Bad news for foodies and producers of foie gras. New York City Council voted Wednesday, October 30, to ban the French specialty in the city. Foie gras is currently served at a 1,000 restaurants across the five boroughs.
Forty-two city councillors voted in favor of banning it, and six voted against. Set to go into effect in 2022, the law, which bans “the sale or provision of certain force-fed poultry products,” allows for fines of $500 to $2,000 for offenders. “I am pleased that the city council wants to put an end to inhumane and cruel practices, with animals suffering,” said Carlina Rivera, a Democrat elected in southern Manhattan who drafted the bill. “One hundred and fifty years after the first law protecting animals, New York must continue to set an example by becoming the most humane city.”
The ban is welcome news for animal rights groups such as Voters for Animals Rights. About sixty activists, wearing blue t-shirts with the message “ban foie gras, a product of cruelty,” met at nine in the morning in front of the City Hall to give show their support. Among them was Hervé Breuil, director of an animal shelter in Woodstock. “It’s the reward for years of work,” explains the Frenchman who for several years has been trying to convince elected officials to ban it. “We hope that this ban in New York will be an example to the world.”
The measure comes just a few months after it was banned in California, which forced the only foie gras-producing farm to shutter its doors.
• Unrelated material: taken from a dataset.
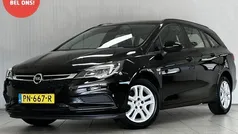 Zwart Gebruikt 2017 Opel Astra Edition Stationwagen | € 6.995 (Goede deal)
In New York, 400 jobs are at risk. “They have a three-year period before the ban [begins], which allows employees to find a job again, and producers to diversify their operations by choosing a domaine that is more respectful of animals and nature,” says Breuil.
Ariane Daguin, CEO of D’Artagnan, which produces and sells foie gras in the United States, said on Monday that banning foie gras in New York would be a “political decision.” “They wanted to use foie gras as an example because they knew they would get more votes by siding with vegetarians.”